1 – Petição de MÁRIO LUÍS CARDOSO (fls. 4509-4510) - Competência

Inicialmente, examino a petição do recorrente Mário Cardoso (fls. 4509-4510), que diz respeito à relação entre o recurso julgado neste Tribunal em 09.10.2018, de relatoria do Des. Eleitoral Silvio Ronaldo Santos de Moraes (RE 375-23.2016.6.21.0171), e este apelo, que foi a mim distribuído (RE 382-15.2016.6.21.0171), para demonstrar a inviabilidade de reunião dos processos e reafirmar a competência deste relator para apreciar o feito, reformulando o entendimento contido no despacho da fl. 4483.

RE 375-23.2016.6.21.0171

A Coligação POR UMA CANOAS DE VERDADE (PMN, PTB, PSDC, PEN, PT DO B, REDE, SD, PRTB, PRP, PMDB, PR e PSC) e Luiz Carlos Ghiorzzi Busato ajuizaram Ação de Investigação Judicial Eleitoral em face de Jairo Jorge da Silva, Lúcia Elizabeth Colombo, Mário Cardoso e COLIGAÇÃO BOM (PRB, PT, PDT, PP, PSB, PC do B, PROS, PPS, PSD, PV, PTC, PTN e PHS), narrando a ocorrência do seguinte fato: Liomar Borges, então candidato ao cargo de vereador pela Coligação Bom, apresentando-se como representante do então prefeito Jairo Jorge, compareceu ao local conhecido como Rua da Barca, no município de Canoas/RS, onde vivem cerca de 100 famílias em precárias condições, e proferiu discurso, com finalidade eleitoral, no sentido de que deveriam apoiar os candidatos à majoritária (Beth Colombo e Mário Cardoso), sob pena de serem despejados do local, pois o município havia ajuizado Ação Civil Pública (autuada sob n. 008/1.16.0010435-0) e obtivera liminar para desocupação e remoção de construções realizadas naquela localidade (Rua da Barca).
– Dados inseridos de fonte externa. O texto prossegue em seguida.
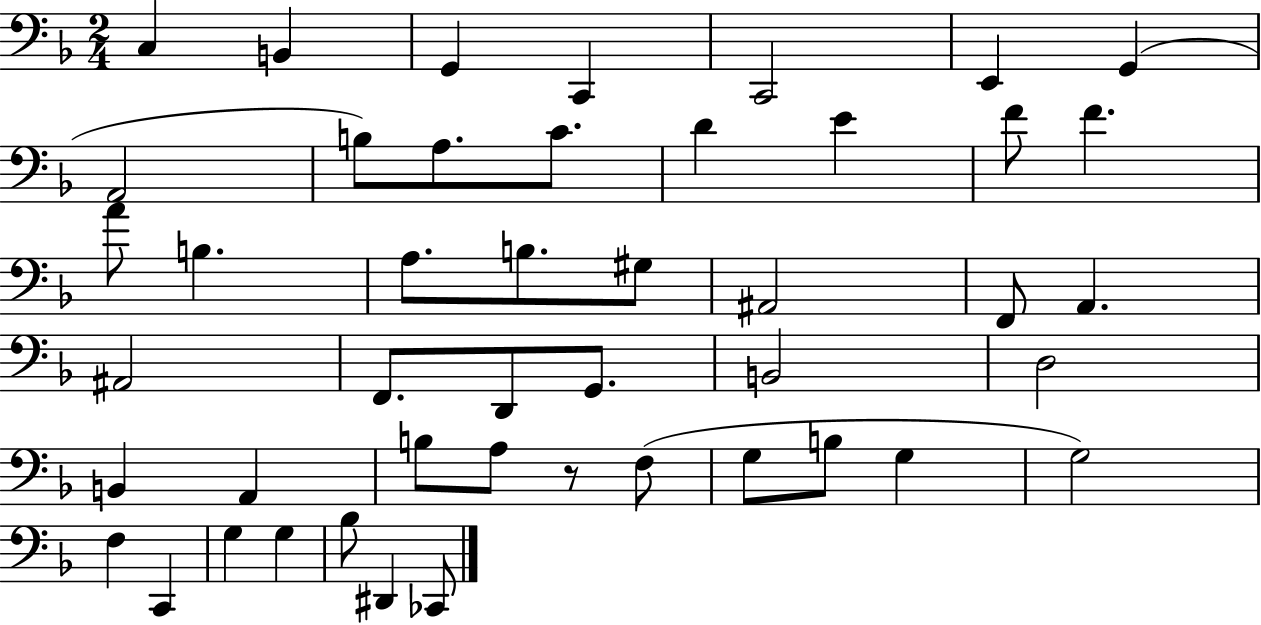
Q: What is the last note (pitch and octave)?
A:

Após regular processamento dessa demanda, em sentença prolatada em 13.04.2018, foi reconhecida a decadência do direito de ação, diante da não integração, no polo passivo da demanda, no prazo legal à sua propositura, do agente público Liomar Borges, a quem fora imputada a prática da conduta.

Houve interposição de recurso eleitoral, cuja relatoria coube ao Des. Eleitoral Silvio Ronaldo Santos de Moraes, julgado em 09.10.2018, sendo negado provimento ao apelo, ao entendimento de que indispensável ao processamento da ação a inclusão do autor do ato ilícito, no caso, Liomar Borges.

Atualmente, conforme andamento processual do dia 26.03.2020, o feito encontra-se pendente de julgamento no TSE, com agravo regimental interposto pela Coligação Por uma Canoas de Verdade e por Luiz Carlos Ghiorzi Busato, conclusos os autos em 05.03.2020 ao Ministro OG NICÉAS MARQUES FERNANDES.

RE 382-15.2016.6.21.0171

O Ministério Público Eleitoral ajuizou Ação de Investigação Judicial Eleitoral em desfavor de LÚCIA ELIZABETH COLOMBO SILVEIRA, MARIO LUÍS CARDOSO, GUILHERME ORTIZ DE SOUZA e LIOMAR BORGES DOS SANTOS.

A longa inicial (134 laudas) imputou aos demandados 3 ilícitos eleitorais:

Fato 1 – arrecadação irregular de recursos pelo tesoureiro de campanha, Guilherme Ortiz de Souza, junto a empresas que mantinham contratos com a administração municipal e tinham interesse na eleição dos candidatos Beth Colombo e Mário Cardoso, que representavam a continuidade do governo municipal exercido por Jairo Jorge da Silva;

Fato 2 - Liomar Borges, então candidato ao cargo de vereador pela Coligação Bom, apresentando-se como representante do então prefeito Jairo Jorge, compareceu ao local conhecido como Rua da Barca, no município de Canoas/RS, onde vivem cerca de 100 famílias em precárias condições, e proferiu discurso, com finalidade eleitoral, no sentido de que deveriam apoiar os candidatos à majoritária (Beth Colombo e Mário Cardoso), sob pena de serem despejados do local, pois o município havia ajuizado Ação Civil Pública (autuada sob n. 008/1.16.0010435-0) e obtivera liminar para desocupação e remoção de construções realizadas naquela localidade (Rua da Barca).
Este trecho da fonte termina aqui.